Die Akademikereltern haben auch an anderen Stellen manchmal durchgeschienen. Bei einem Spiel wurde ein Kreidekreis auf die Straße gemalt und gleichmäßig aufgeteilt. Dann durfte sich jeder ein Land aussuchen, dass er spielen möchte. Der Frood, damals noch Grundschüler, hat sich die Färöer Inseln ausgesucht. Man kann ja vermuten, dass die ausgezeichneten Geographiekenntnisse zumindest teilweise in seinem Interesse für Fußball begründet waren.
Die Frau aus Lö hat sich aber auch mal mit besonderem Wissen hervorgetan. Irgendwie hatten wir Stadt, Land, Fluß zu so einem Laufspiel umgewandelt. So genau weiß ich nicht mehr wie das ging. Einer stand den anderen Gegenüber und brüllte z.B. „Ein Land mit S!“. Wenn dann jemand eins wusste, hat er das gepöbelt und dann sind beide losgerannt und einer sollte schneller als der andere sein. Die Frau aus Lö stand dann also da und murmelte „Südkorea“. Sie wollte nicht rennen, hat es also leise gesagt. Südkorea. In der Grundschule (ok, vielleicht war es auch schon in der 5. Klasse). Kein Wunder, dass sie inzwischen Frau Dr. ist. Das lustigste daran war aber, dass ihre kleine Schwester das Gemurmel hörte und dann aus vollsten Hals „Südkurier“ schrie und losrannte. Der Südkurier, muss man dazu sagen, ist eine der Tageszeitungen in unserem Heimatort. Da war das Gelächter groß.

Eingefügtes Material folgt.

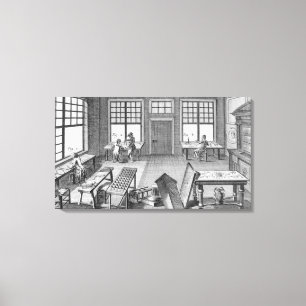 A furniture inlayer's workshop, from the 'Encyclop Canvas Print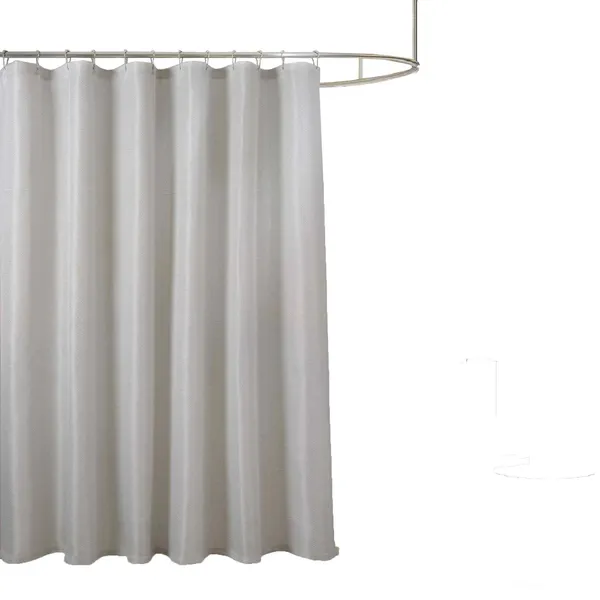 Olivia Gray Lindale 70" x 72" Jacquard Shower Curtain with Roller Hooks - Taupe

Einige Fragen stellen sich mir doch immer wieder. Spielt man eigentlich noch „Wir kommen aus dem Mohrenland (oder Morgenland?)“? Wir haben das sogar in der Schule mit unserer Lehrerin gespielt. Die Gruppe Kinder kommt zum König, der gegenüber steht, gehüpft und singt. Der Text ging so: „Wir kommen aus dem Mohrenland, die Sonne hat uns schwarz gebrannt. Wir sehen aus wie Mohren, haben sooooo lange Ohren.“ Dann sagt der König irgendwas in der Art „Lumpengesindel seid ihr!“ woraufhin sich die „Mohren“ verbeugen und „Ehrliche Leute!“ versichern. Dann führen sie ihm vor, was sie können und wenn er das Handwerk erraten hat, dann wird gerannt. Aber das ist ja sowas von politisch unkorrekt, das wird doch bestimmt nicht mehr gespielt, oder?
Eine weitere Frage, die ich bisher nicht lösen konnte, ist, warum haben wir den Ort, an dem man beim Fangen spielen sicher war, „Botte“ genannt. Wo kommt das her und was bedeutet es?
Und was fanden wir eigentlich an „Fritzle du stinksch!“ so lustig?